Let’s be clear: my lifestyle is not one that requires people to yell that at me a lot. I can’t think of whose is. Athletes and bank robbers come to mind. It’s also happened to me in a few Dungeons & Dragons sessions (although I set a swarm of snakes on fire last night, so who’s running now?). But not so much in the primary world.

That considered, I’m proud of my reaction time. About a second passed between Ari’s warning and my hoofing it up the riverbank. I’d like to get that down, but it’s perfectly respectable for now.

Another second passes before I understand what’s going on: Eric put his foot through a nest of hornets. He later told us that he thought a blackberry thorn was pressing into his face, before he realized the truth. I myself had already taken a stinger to the back of the knee when I registered that hornets were in play.

I want everyone reading this to know that my decision to throw my pants was made neither in panic nor in clouded judgment. I laid out my options, weighed the pros and cons of each, and decided that the most advantageous move in that instant would be to remove my trousers and hurl them no less than twenty feet to the south.

The second hornet that stung me had made its way inside my left leather glove, so I removed both of those and tossed them on the path. Eric had already removed his shirt and commenced slapping himself with it. Through some shouting combination of words I don’t entirely remember, Jason conveyed the information that hornets are attracted to the scent of things they have previously stung.

Interesting. While running, I recalled that first sting I took to my jeans. From this moment events unfolded as I have already related. As expected, the loathsome insects flocked to the pants, allowing me to beat off the remainder of the swarm with my shirt. We waited a few minutes for the pheromones to fade before trekking back along the yard sale we had made of our garments.

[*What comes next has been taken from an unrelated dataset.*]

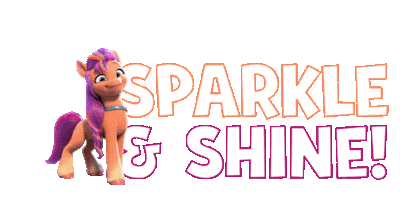 Sparkle Be Yourself Sticker by My Little Pony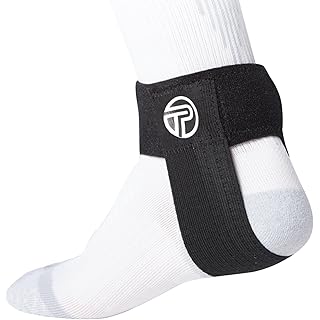 Pro-Tec Athletics Achilles Tendon Support, Tendinitis Relief, Compression Pad, Stabilization, Adjustable Strap & Heel Lift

In the end, I made it out with only two stings. Ari took one, Jason got off scot-free, and poor Eric, initial disturber of the peace, got it the worst. Not only did he take seven stings, but later that day, he unearthed a beehive, and got another two stings from an entirely unrelated group of angry insects. To top it all off, the “thorn” in his face caused his eye to swell up, and he missed the next two days of work. His boss, Melissa, greeted us at Circle Creek on Thursday with a card bearing a  construction-paper bee and the message “Sorry we stung you.” We all signed.

So it could have been much worse for me. I made it out with an anecdote, along with some new outdoor knowledge, plus my pants, the real victim in all this. Sitting at the Rippet House that afternoon, realizing I had 125 words to establish my reticent protagonist’s inner life and growing love for the makeshift family he’d just met, I began to think of how I could apply the hornets as a metaphor for “the process.”

The common phrase is “kill your darlings,” attributed to some guy called Arthur Quiller-Couch, but until now I’ve preferred John Muir’s version, “slaughter your gloriouses.” I have a new version now, though: throw your pants at the hornets.

People like pants. They are, as the bard tells us, comfy and easy to wearThey protect your legs from thorns, and convey a certain professionalism the pantsless cannot enjoy. But they attract hornets. The pants are those large parts of a story that seem integral at first glance, hornets here are bloat and directionlessness, and the defeatism that leads to. So many times, writing that “cannot work” can get shot in the arm from the hurling of its pants. Because, when it gets down to it, sometimes pants are just a liability.